Keempat, jasa ritel. Teknologi 5G ini dapat menghadirkan pengalaman belanja ritel yang lebih personal, mempermudah konsumen menemukan barang sesuai kebutuhan (menurunkan biaya pencarian), hingga meningkatkan kemudahan belanja jarak jauh. Teknologi augmented reality ke depannya berpotensi membuat konsumen dapat mencoba pakaian secara virtual. Selain itu, teknologi drone yang lebih maju, membuat biaya pengiriman barang akan semakin turun, dan meningkatkan transaksi ritel secara online.

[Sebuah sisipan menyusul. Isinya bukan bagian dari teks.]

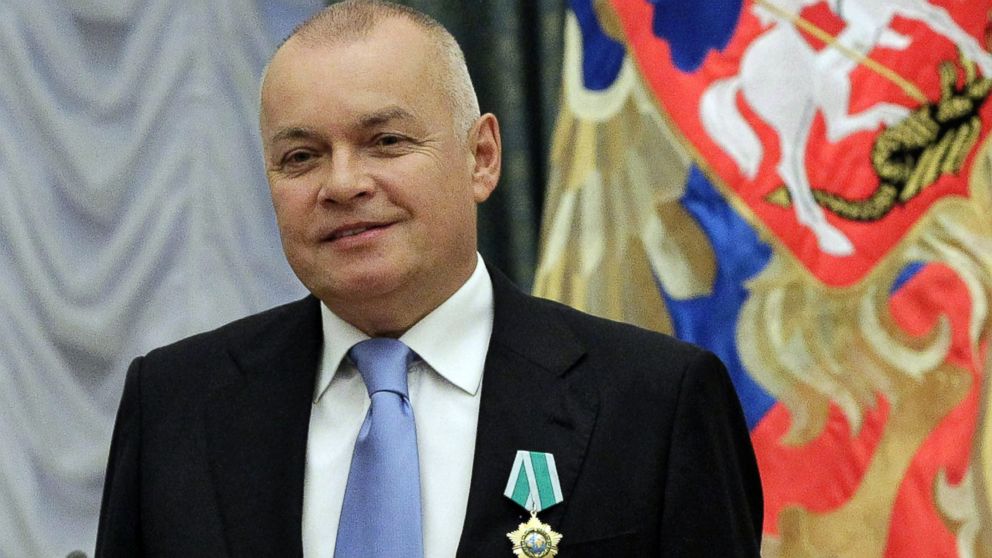 Russian television journalist Dmitry Kiselyov poses for a photo after receiving a medal of Friendship during an awarding ceremony in the Kremlin in Moscow, Oct. 10, 2011.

Untuk mendorong proses adaptasi sektor jasa pada teknologi 5G, maka sejumlah kebijakan perlu dilakukan. Pertama, perbaikan kualitas sumber daya manusia (SDM), di mana hal tersebut adalah dasar dari sektor jasa. Literasi digital perlu ditingkatkan, di mana 43% dari murid dan 34% dari guru ditemukan mengalami literasi digital yang relatif rendah. Sekolah vokasi dan Balai Pelatihan Kerja yang mendukung sektor jasa perlu ditingkatkan kualitasnya dan dipastikan pemerataannya. Contohnya, untuk jasa pariwisata di Indonesia bagian timur masih kekurangan SDM yang memenuhi kriteria. Oleh sebab itu perlu didorong berdirinya sekolah vokasi maupun Balai Latihan Kerja pada bidang pariwisata. Selain itu, diperlukan SDM yang siap beradaptasi dengan kebutuhan ekonomi digital.

Kedua, sisi infrastruktur. Terkait penetrasi internet di Indonesia, masih terdapat kesenjangan yang sangat besar antara daerah perdesaan dan perkotaan. Penetrasi Internet di perkotaan sekitar 72%, sedangkan di perdesaan 48%. Saat ini 38% masyarakat tinggal di daerah pedalaman yang tidak memiliki akses internet, serta hanya 20% usaha mikro, kecil, dan menengah (UMKM, 2018) yang menggunakan akses internet.

Indonesia telah membangun koneksi broadband secara masif melalui Proyek Palapa Ring, namun pemanfaatannya masih relatif rendah, hanya sekitar 14-43%. Dari perspektif bisnis, rendahnya kesediaan untuk membayar merupakan tantangan utama dalam mengembangkan infrastruktur last mile di perdesaan. Oleh karena itu, diperlukan intervensi dan kebijakan pemerintah, seperti kebijakan berbagi jaringan atau insentif investasi untuk di daerah pedalaman.

 

*) Senior Policy Analyst di Indonesia Services Dialogue (ISD).